休憩!の声に、思い当たる場所まで行くと、予想通り、自販機を見上げとる🌸がおった。
にやけに近い笑い方をしとるのは、自覚しとる。
気配を消して近づくと、スポーツドリンクのボタンに伸びかけた小さな手ごと、背後から包み込むように抱き締める。
すっぽりと隠れしまいそうな小こい体を抱き寄せ、鼓動をごまかすんごと、少し声を上げる。
驚いた表情の🌸。
毎回ドリンクを買ってこんくていい、と伝えた返事に、再び彼女ん手を使って飲み物を選ぶ。
彼女が選んだレモンティーとスポーツドリンク。
周りん人がおらんのを確認してレモンティーを一口、飲む。
きょとん、と見上げる彼女ん腕を引くと、脈打つ心音が聞こえそうなほどに近づいた唇にそっと重ねる。

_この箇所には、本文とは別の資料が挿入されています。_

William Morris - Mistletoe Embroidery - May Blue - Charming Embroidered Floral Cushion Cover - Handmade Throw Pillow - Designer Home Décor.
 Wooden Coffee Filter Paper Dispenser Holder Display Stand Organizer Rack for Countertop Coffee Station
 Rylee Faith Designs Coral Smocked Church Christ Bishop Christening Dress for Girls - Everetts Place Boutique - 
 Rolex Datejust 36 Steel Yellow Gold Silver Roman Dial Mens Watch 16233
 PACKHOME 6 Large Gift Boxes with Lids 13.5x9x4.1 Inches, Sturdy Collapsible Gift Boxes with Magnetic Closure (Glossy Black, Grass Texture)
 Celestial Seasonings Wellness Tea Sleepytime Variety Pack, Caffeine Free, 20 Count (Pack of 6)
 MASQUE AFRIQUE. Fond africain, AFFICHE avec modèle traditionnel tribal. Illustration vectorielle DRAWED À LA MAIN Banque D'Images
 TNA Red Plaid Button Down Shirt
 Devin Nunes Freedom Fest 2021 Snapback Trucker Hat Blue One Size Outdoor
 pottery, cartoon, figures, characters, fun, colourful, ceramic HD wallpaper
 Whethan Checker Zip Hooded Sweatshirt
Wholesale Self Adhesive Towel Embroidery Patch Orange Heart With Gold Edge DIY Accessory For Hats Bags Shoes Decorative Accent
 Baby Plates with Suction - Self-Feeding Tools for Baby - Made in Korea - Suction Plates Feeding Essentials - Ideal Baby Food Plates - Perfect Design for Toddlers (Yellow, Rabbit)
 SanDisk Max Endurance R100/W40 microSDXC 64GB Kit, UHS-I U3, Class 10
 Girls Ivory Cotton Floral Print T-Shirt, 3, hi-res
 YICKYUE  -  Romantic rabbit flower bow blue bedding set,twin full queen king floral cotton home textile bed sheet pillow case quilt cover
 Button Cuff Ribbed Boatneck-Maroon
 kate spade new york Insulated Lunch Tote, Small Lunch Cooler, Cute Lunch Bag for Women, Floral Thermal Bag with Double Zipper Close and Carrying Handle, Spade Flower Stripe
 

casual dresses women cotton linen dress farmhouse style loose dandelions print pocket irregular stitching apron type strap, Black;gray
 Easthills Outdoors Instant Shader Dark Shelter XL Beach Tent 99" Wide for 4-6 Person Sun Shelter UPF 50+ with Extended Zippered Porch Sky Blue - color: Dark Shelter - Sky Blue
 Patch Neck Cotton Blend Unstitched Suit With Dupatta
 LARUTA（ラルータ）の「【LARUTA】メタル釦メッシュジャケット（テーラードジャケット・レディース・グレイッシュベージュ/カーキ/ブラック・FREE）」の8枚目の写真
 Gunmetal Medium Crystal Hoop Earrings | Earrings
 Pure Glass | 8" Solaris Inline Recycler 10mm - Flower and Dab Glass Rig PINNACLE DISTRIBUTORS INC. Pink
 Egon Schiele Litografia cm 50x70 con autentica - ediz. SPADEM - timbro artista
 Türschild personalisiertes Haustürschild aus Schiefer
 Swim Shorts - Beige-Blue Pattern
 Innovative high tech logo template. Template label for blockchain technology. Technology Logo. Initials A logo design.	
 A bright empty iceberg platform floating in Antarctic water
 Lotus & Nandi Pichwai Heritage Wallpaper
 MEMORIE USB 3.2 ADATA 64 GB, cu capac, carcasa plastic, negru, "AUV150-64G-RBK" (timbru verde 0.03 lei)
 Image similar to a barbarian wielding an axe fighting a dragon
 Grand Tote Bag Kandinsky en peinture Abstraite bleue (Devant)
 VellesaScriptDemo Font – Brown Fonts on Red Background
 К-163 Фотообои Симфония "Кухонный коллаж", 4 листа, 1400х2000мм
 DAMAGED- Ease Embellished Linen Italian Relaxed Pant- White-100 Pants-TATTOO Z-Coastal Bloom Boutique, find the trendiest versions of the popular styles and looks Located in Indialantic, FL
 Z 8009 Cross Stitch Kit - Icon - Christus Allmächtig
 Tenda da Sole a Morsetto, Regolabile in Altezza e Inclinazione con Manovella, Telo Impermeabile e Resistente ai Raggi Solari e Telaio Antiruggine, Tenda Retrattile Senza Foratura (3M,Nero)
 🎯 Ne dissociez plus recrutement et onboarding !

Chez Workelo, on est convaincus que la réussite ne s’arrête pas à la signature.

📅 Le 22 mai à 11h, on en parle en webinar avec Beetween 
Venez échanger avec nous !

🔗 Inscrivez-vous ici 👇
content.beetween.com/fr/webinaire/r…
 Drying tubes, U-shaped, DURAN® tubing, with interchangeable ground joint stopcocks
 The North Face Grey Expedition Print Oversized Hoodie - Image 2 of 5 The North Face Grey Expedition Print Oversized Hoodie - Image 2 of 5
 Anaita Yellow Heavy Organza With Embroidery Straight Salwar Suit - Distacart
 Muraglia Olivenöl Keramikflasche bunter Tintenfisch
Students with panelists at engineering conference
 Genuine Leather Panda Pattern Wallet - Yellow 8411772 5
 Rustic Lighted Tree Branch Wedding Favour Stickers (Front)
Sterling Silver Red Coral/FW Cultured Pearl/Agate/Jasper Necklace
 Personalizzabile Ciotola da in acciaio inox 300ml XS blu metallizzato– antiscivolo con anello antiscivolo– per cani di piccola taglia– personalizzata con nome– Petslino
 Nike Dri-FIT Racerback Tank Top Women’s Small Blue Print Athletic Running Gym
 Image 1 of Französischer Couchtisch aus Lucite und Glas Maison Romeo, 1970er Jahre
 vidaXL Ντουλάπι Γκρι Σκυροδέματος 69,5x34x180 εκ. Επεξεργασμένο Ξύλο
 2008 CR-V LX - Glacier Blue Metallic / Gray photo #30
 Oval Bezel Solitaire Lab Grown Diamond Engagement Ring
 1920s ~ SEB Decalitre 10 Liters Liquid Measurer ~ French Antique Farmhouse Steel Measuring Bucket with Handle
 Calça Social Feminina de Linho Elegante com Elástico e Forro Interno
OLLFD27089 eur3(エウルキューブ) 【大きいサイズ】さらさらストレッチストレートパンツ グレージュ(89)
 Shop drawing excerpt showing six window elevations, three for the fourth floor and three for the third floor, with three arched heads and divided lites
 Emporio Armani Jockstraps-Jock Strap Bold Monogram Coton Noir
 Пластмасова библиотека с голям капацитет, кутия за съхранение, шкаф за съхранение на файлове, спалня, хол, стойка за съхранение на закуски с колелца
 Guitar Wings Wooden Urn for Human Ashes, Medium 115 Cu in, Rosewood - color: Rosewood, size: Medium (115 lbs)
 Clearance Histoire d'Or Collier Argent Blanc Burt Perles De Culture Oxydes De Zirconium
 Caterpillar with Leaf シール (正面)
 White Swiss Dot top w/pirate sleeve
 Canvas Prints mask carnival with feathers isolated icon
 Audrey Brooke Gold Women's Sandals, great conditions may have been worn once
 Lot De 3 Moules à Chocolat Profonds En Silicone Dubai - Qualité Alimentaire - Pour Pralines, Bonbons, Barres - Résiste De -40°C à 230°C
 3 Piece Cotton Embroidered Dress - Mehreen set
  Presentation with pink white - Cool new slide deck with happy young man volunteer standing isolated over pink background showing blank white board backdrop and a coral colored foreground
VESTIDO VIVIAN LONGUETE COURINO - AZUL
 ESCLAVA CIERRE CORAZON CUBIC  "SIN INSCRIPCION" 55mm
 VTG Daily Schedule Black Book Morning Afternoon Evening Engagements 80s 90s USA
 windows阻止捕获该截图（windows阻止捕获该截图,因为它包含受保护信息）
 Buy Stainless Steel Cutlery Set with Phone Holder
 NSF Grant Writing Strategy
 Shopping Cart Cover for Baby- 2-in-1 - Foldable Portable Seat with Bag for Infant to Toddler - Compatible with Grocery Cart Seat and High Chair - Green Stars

目を瞑ることもせず、呆然と立つ🌸の頭に、ほんの少し減ったレモンティーのボトルを置いた。
✜
こくん、と目の前で上下した喉仏。
とん、と頭の上に置かれたレモンティーのボトル。
レモンティーの味がする口を手で覆う。
「『ファーストキスはレモンの味』言うじゃろ?」
レモンティーじゃがな、と目の前で笑った雅治は、ごちそうさん、とスポーツドリンクを片手に、ヒラッと手を振って行ってしまう。
そうじゃ、と立ち止まり、振り返った。
「寄り道、付き合うてくれるか?🌸」
「っうん!」
「来んしゃい」
ほれ、と差し出された手に駆け寄ると、彼の方から手を絡めて繋ぐ。
「もうちょいコートの近くに来ればいいが」
「なんか、あの距離が丁度よくて...」
「あと、いつになったら『まーくん』呼んでくれるんかのぉ」
「え?『まーくん』がいいの?」
猫背気味の彼を見上げる。
「まぁ、くん?」
「なんじゃ?」
「呼んだだけっ」
「🌸」
「なに?」
「...呼んだだけぜよ」
キュ、と一度強く握られた手。
まだ強い日差しの下。
キラキラとした彼の銀髪を揺らす風がほんの少しだけ涼しかった。